Nothing in the entries below may be altered; print them as they stand.

### Data provided ###

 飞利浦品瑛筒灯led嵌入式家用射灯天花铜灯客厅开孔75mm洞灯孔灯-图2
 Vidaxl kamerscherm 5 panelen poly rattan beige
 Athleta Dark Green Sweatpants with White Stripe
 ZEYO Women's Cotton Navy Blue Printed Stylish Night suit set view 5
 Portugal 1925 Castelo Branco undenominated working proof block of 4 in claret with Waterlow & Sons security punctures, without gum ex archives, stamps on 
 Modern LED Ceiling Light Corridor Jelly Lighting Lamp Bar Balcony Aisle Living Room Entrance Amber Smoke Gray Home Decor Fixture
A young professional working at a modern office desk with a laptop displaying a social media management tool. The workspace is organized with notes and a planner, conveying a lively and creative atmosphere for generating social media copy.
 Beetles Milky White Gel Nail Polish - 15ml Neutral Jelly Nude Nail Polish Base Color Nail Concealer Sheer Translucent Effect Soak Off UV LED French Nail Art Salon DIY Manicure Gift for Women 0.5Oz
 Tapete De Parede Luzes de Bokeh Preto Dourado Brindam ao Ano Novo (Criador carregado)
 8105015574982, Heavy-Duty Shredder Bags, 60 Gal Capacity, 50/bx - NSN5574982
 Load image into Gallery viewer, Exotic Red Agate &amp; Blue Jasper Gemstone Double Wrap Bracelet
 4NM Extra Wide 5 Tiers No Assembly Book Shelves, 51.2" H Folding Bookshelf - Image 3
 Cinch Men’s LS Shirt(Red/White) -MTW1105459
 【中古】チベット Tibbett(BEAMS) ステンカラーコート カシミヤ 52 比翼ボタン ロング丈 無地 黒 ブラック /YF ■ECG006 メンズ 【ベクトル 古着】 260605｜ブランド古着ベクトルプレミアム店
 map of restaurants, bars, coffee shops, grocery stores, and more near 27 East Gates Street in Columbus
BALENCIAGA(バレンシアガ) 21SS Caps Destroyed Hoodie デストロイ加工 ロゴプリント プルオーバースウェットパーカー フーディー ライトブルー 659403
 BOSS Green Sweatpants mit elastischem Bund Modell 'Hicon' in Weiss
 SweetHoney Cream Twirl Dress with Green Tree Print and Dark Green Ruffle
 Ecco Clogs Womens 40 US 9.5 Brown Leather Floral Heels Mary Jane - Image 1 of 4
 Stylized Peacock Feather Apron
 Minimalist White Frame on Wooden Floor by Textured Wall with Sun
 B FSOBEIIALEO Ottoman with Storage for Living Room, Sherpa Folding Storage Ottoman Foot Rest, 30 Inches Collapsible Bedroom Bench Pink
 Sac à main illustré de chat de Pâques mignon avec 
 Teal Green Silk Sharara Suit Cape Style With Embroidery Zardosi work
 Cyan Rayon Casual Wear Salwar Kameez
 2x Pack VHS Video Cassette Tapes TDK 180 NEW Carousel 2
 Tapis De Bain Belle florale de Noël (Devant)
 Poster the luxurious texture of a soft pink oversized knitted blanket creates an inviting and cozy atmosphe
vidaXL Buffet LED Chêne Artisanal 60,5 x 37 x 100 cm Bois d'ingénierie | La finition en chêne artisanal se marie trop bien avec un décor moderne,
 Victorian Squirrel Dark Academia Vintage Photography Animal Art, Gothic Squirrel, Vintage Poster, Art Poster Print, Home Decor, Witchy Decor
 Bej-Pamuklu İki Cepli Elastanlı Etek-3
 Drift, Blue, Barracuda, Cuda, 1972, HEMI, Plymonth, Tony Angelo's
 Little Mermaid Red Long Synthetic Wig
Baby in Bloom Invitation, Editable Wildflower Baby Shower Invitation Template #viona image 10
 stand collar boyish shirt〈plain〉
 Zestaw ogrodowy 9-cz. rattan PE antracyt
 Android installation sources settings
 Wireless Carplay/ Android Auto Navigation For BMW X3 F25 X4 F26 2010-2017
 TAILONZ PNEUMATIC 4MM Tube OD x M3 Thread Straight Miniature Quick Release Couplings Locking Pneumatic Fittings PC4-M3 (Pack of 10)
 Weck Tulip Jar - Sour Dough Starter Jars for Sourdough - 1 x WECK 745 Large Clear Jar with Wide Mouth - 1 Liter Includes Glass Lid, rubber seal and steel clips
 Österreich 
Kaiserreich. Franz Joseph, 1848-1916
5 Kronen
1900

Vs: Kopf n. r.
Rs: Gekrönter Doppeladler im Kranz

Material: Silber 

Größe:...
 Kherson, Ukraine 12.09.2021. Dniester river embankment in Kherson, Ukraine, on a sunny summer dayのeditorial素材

###

§ Written answer
 飞利浦品瑛筒灯led嵌入式家用射灯天花铜灯客厅开孔75mm洞灯孔灯-图2
 Vidaxl kamerscherm 5 panelen poly rattan beige
 Athleta Dark Green Sweatpants with White Stripe
 ZEYO Women's Cotton Navy Blue Printed Stylish Night suit set view 5
 Portugal 1925 Castelo Branco undenominated working proof block of 4 in claret with Waterlow & Sons security punctures, without gum ex archives, stamps on 
 Modern LED Ceiling Light Corridor Jelly Lighting Lamp Bar Balcony Aisle Living Room Entrance Amber Smoke Gray Home Decor Fixture
A young professional working at a modern office desk with a laptop displaying a social media management tool. The workspace is organized with notes and a planner, conveying a lively and creative atmosphere for generating social media copy.
 Beetles Milky White Gel Nail Polish - 15ml Neutral Jelly Nude Nail Polish Base Color Nail Concealer Sheer Translucent Effect Soak Off UV LED French Nail Art Salon DIY Manicure Gift for Women 0.5Oz
 Tapete De Parede Luzes de Bokeh Preto Dourado Brindam ao Ano Novo (Criador carregado)
 8105015574982, Heavy-Duty Shredder Bags, 60 Gal Capacity, 50/bx - NSN5574982
 Load image into Gallery viewer, Exotic Red Agate &amp; Blue Jasper Gemstone Double Wrap Bracelet
 4NM Extra Wide 5 Tiers No Assembly Book Shelves, 51.2" H Folding Bookshelf - Image 3
 Cinch Men’s LS Shirt(Red/White) -MTW1105459
 【中古】チベット Tibbett(BEAMS) ステンカラーコート カシミヤ 52 比翼ボタン ロング丈 無地 黒 ブラック /YF ■ECG006 メンズ 【ベクトル 古着】 260605｜ブランド古着ベクトルプレミアム店
 map of restaurants, bars, coffee shops, grocery stores, and more near 27 East Gates Street in Columbus
BALENCIAGA(バレンシアガ) 21SS Caps Destroyed Hoodie デストロイ加工 ロゴプリント プルオーバースウェットパーカー フーディー ライトブルー 659403
 BOSS Green Sweatpants mit elastischem Bund Modell 'Hicon' in Weiss
 SweetHoney Cream Twirl Dress with Green Tree Print and Dark Green Ruffle
 Ecco Clogs Womens 40 US 9.5 Brown Leather Floral Heels Mary Jane - Image 1 of 4
 Stylized Peacock Feather Apron
 Minimalist White Frame on Wooden Floor by Textured Wall with Sun
 B FSOBEIIALEO Ottoman with Storage for Living Room, Sherpa Folding Storage Ottoman Foot Rest, 30 Inches Collapsible Bedroom Bench Pink
 Sac à main illustré de chat de Pâques mignon avec 
 Teal Green Silk Sharara Suit Cape Style With Embroidery Zardosi work
 Cyan Rayon Casual Wear Salwar Kameez
 2x Pack VHS Video Cassette Tapes TDK 180 NEW Carousel 2
 Tapis De Bain Belle florale de Noël (Devant)
 Poster the luxurious texture of a soft pink oversized knitted blanket creates an inviting and cozy atmosphe
vidaXL Buffet LED Chêne Artisanal 60,5 x 37 x 100 cm Bois d'ingénierie | La finition en chêne artisanal se marie trop bien avec un décor moderne,
 Victorian Squirrel Dark Academia Vintage Photography Animal Art, Gothic Squirrel, Vintage Poster, Art Poster Print, Home Decor, Witchy Decor
 Bej-Pamuklu İki Cepli Elastanlı Etek-3
 Drift, Blue, Barracuda, Cuda, 1972, HEMI, Plymonth, Tony Angelo's
 Little Mermaid Red Long Synthetic Wig
Baby in Bloom Invitation, Editable Wildflower Baby Shower Invitation Template #viona image 10
 stand collar boyish shirt〈plain〉
 Zestaw ogrodowy 9-cz. rattan PE antracyt
 Android installation sources settings
 Wireless Carplay/ Android Auto Navigation For BMW X3 F25 X4 F26 2010-2017
 TAILONZ PNEUMATIC 4MM Tube OD x M3 Thread Straight Miniature Quick Release Couplings Locking Pneumatic Fittings PC4-M3 (Pack of 10)
 Weck Tulip Jar - Sour Dough Starter Jars for Sourdough - 1 x WECK 745 Large Clear Jar with Wide Mouth - 1 Liter Includes Glass Lid, rubber seal and steel clips
 Österreich 
Kaiserreich. Franz Joseph, 1848-1916
5 Kronen
1900

Vs: Kopf n. r.
Rs: Gekrönter Doppeladler im Kranz

Material: Silber 

Größe:...
 Kherson, Ukraine 12.09.2021. Dniester river embankment in Kherson, Ukraine, on a sunny summer dayのeditorial素材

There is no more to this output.